Kyriakos Mitsotakis, the new prime minister, is a scion of one of the dynasties responsible for Greece’s perpetual bankruptcy, corruption and subservience to the Atlanticist oligarchy-without-borders. Tellingly, he has surrounded himself with, on one side, apparatchiks connected to vulture funds and failed banks and, on the other, ultra-nationalist former fascists.
Together, Mr Mitsotakis’ motley reactionaries plan to unleash a fresh class war against a people who have already lost almost everything, against minorities, against our environment, against common decency.
How did this happen? Four short years ago, Greek voters gave Syriza, the party of the radical left, a mandate to unseat the oligarchs and confine New Democracy to its rightful place — the dustbin of history. On 25 January 2015, caught up in the moment’s excitement, I quoted from Dylan Thomas to convey a message of hope to progressives across the globe: “Greek democracy,” I wrote, “today chose to stop going gently into the night. Greek democracy resolved to rage against the dying of the light.”
So, what went wrong? What was it that allowed the restoration of an authoritarian, incompetent regime that wrecked Greece before turning it into a harsh debtor’s prison from which emigration was, and remains, the only escape? When did my fellow Greeks stop raging against the long night of our debt bondage? The answer is: the night of Sunday 5 July 2015.
The night had begun brilliantly. The Greek people had flocked to polling stations to deliver a resounding “No” in a referendum called by our government at short notice. That brave No was addressed to Greece’s troika of creditors (the European Central Bank, the European Commission and the International Monetary Fund) who, on 25 June 2015, had delivered a callous ultimatum to the nation: succumb to new, inhuman austerity measures in exchange for another huge credit card from which to draw funds, or risk being thrown out of the euro and forced to transition to a new national currency.

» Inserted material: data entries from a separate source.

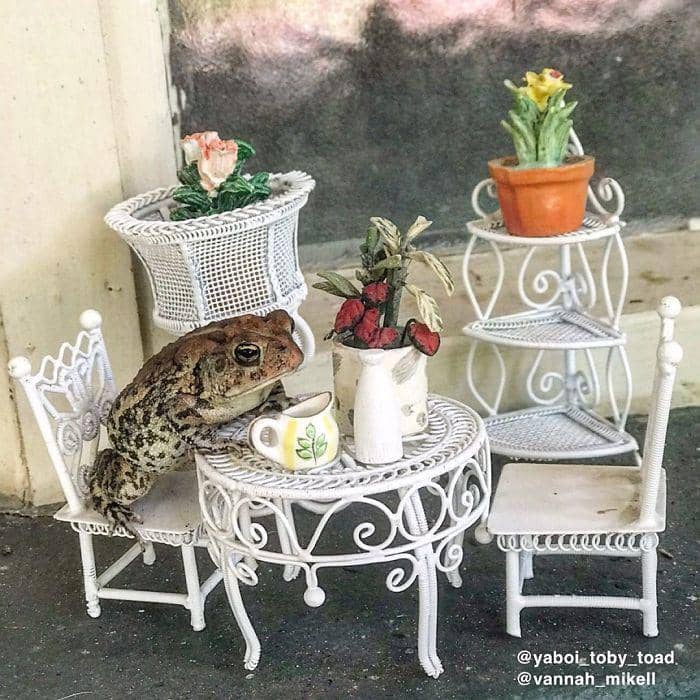 instagram.com/yaboi_toby_toad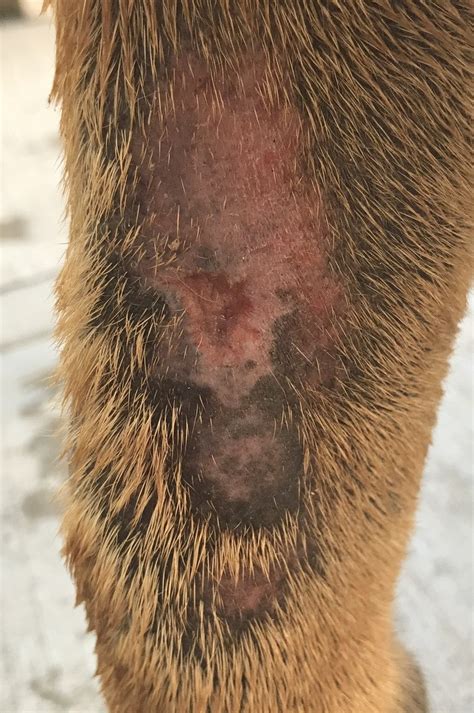 Place a sterile, nonstick, absorbent pad on the wound. health - What is this wound on my dog's leg? Help me ...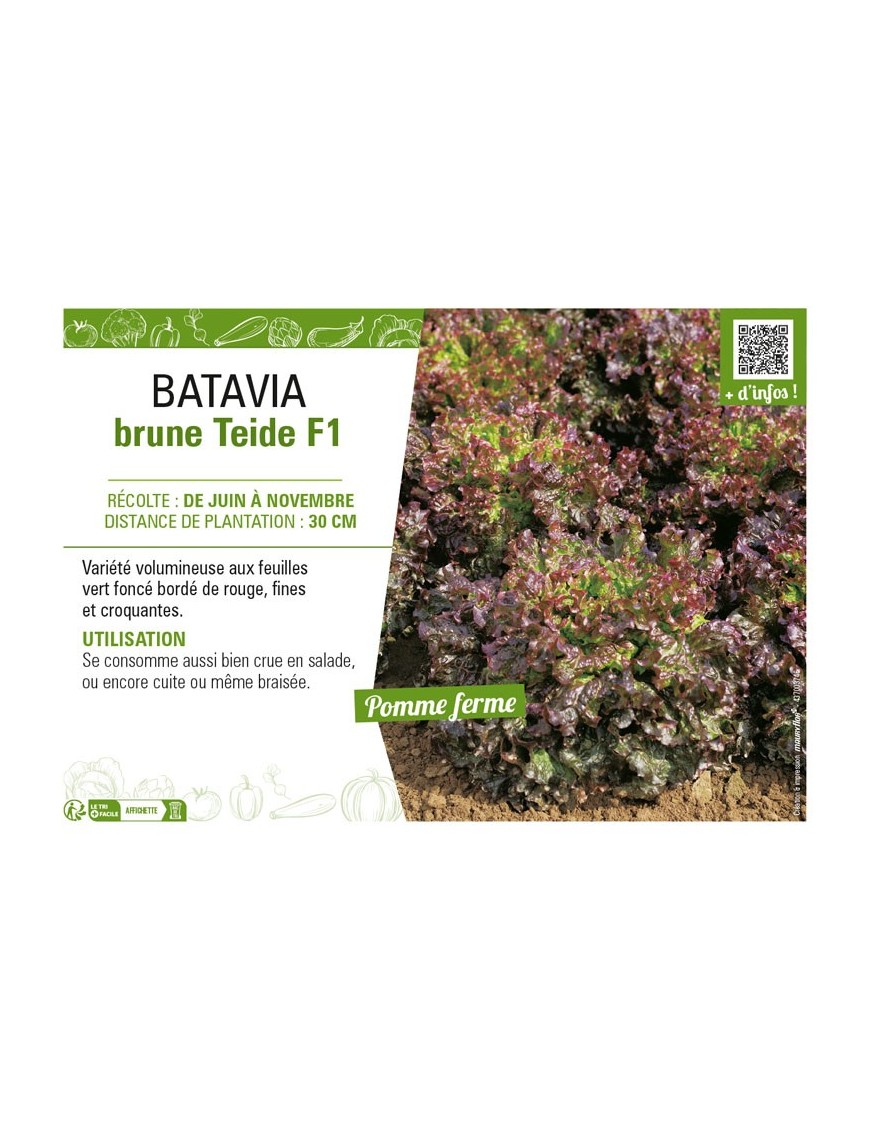 BATAVIA brune Teide F1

The vast majority of the 62 per cent who said No to the troika’s ultimatum knew exactly what they were saying and the risks involved in saying it. Disingenuous commentators try to portray our people as delusional, citing what they regard as a “contradiction”: most of those who voted No did not want Greece to leave the euro. While this is true, preferring to stay in the euro and voting No to those threatening us with Grexit is as much of a contradiction as saying that, in 1939, the people of Britain craved peace but at the same time backed Winston Churchill’s determination to defend the nation against the Axis’ aggression.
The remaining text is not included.